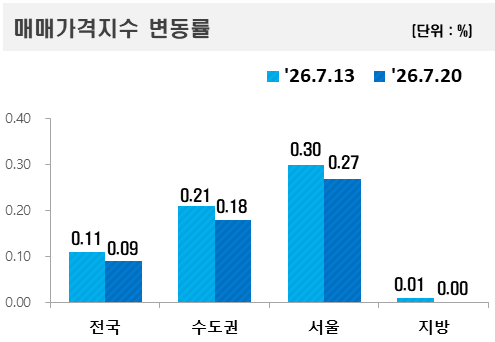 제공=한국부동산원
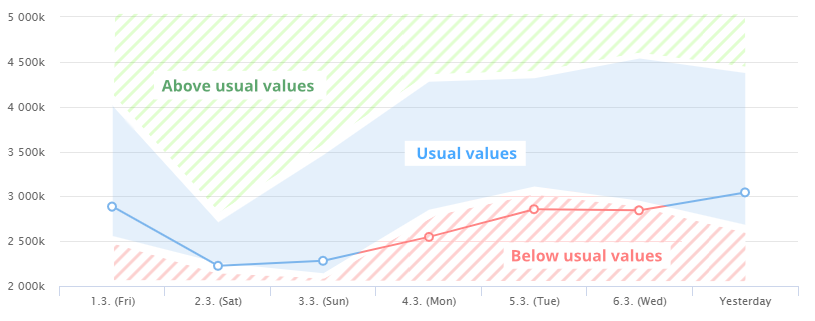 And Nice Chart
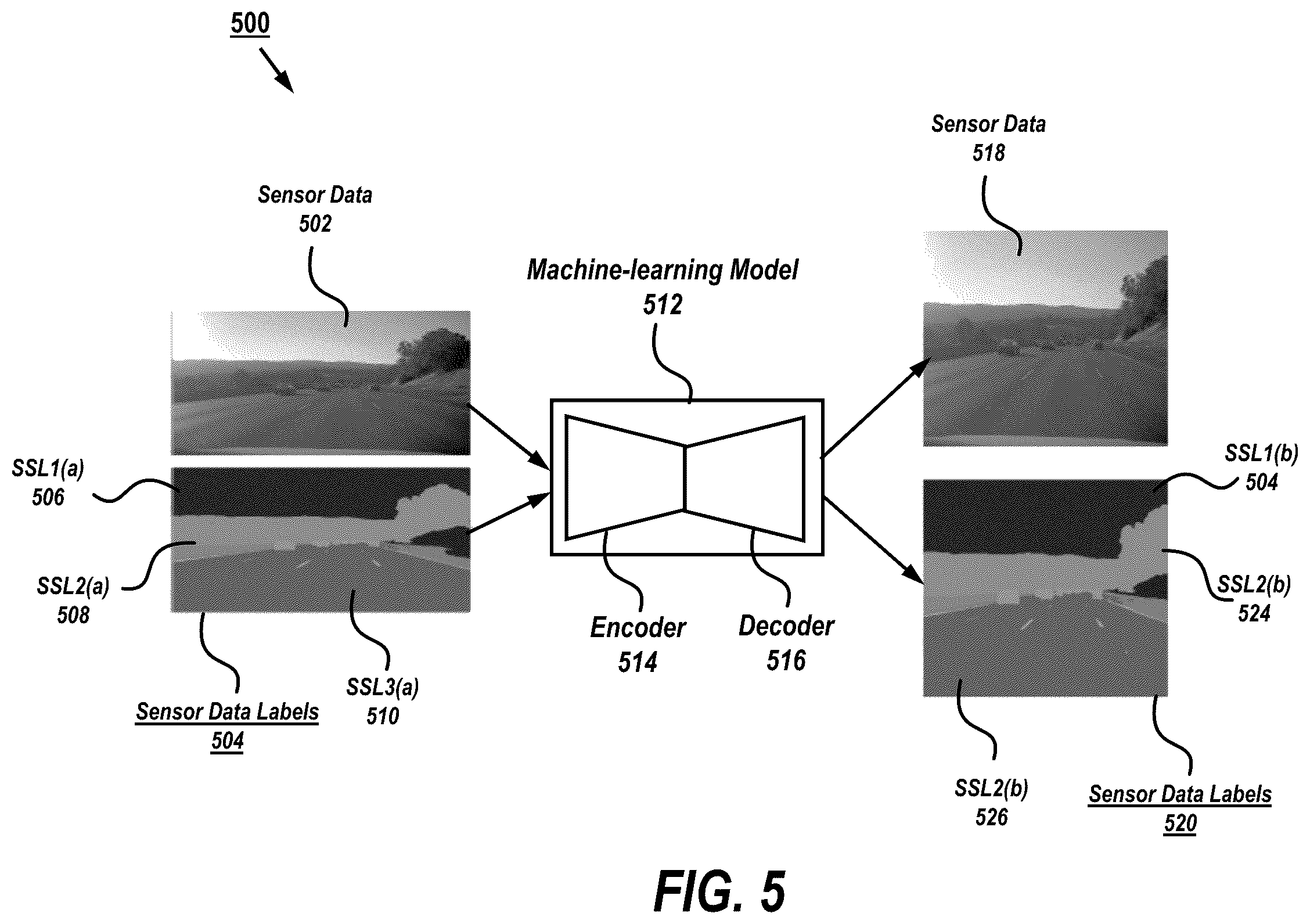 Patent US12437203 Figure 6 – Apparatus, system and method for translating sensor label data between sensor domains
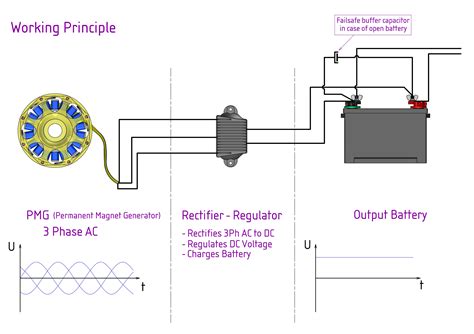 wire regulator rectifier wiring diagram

····················

Nothing should appear in the answer except the lines from the one containing "Patent US12437203 Figure" through the last line of the listing, given again exactly and with no pictures.

 Patent US12437203 Figure 6 – Apparatus, system and method for translating sensor label data between sensor domains
 wire regulator rectifier wiring diagram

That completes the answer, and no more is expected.